As to point 5: I know that it’s great to have a lot of freedom (I know: freedom => responsibility). However, there’s a reason why a lot of programming languages impose certain restrictions on the programmer. E.g. if every library is designed differently, it’s hard to build up a proper ecosystem of libs and reusable code. There’s the aspect of security too.

As to point 8: it closely ties in with point 7. Approach it from the point of view of a project manager or a small tech company. It is important that it is easy to set up and use (IDE, toolchain) and that it caters for different needs. One of the first questions will be how well it ties in with other technologies (e.g. C interop) and if it can easily be ported to the most common platforms (Android, iOS etc.) and architectures. It should be as easy as writing a few lines of a CMake file to cross compile and it should easily interop with the host OS (e.g. it can be laoded as a dynamic lib out of the box).
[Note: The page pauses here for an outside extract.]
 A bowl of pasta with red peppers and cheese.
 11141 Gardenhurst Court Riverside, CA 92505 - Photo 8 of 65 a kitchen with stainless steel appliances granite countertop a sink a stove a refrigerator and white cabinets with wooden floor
IMO, this is something one should think about right from the start and not leave for later, especially because D already has features that would facilitate this.

D3 - Programming in 3D
June 12, 2020
On 2020-06-12 15:12, Chris via Digitalmars-d wrote:
> How would you go about D3?

I would take a long, hard look at rust's epochs [1][2] and see if and how that process could be adapted for d, similar to what some c++ folks are trying to do[3], before even thinking about dividing the community.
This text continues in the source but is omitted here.